* [Problem] Copy nothing but the lines below, from the one with "A hotel room" through the one with "Thumbnail 20 of", exactly as written; no pictures should appear.

* [Input material]
-- Opening Marker --
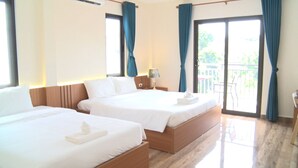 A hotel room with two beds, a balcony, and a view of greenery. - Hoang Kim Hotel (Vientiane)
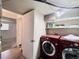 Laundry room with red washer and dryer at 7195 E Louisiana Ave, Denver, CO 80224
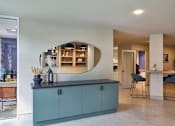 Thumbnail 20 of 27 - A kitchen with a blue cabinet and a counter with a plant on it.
-- Closing Marker --
-- Opening Marker --
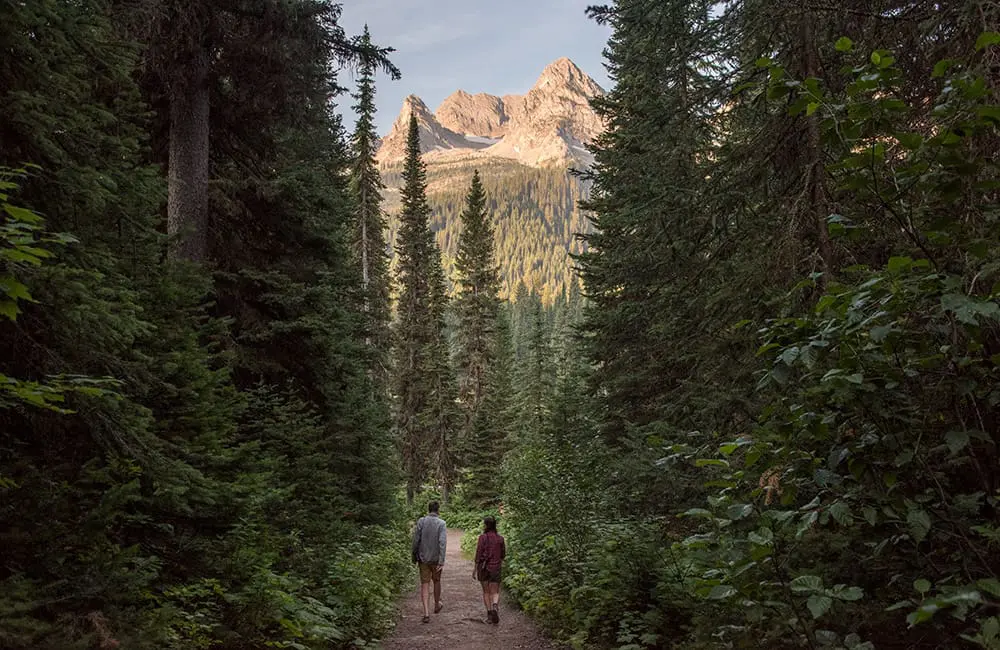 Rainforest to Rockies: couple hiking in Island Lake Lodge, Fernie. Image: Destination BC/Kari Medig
-- Closing Marker --
* [The completed task]
 A hotel room with two beds, a balcony, and a view of greenery. - Hoang Kim Hotel (Vientiane)
 Laundry room with red washer and dryer at 7195 E Louisiana Ave, Denver, CO 80224
 Thumbnail 20 of 27 - A kitchen with a blue cabinet and a counter with a plant on it.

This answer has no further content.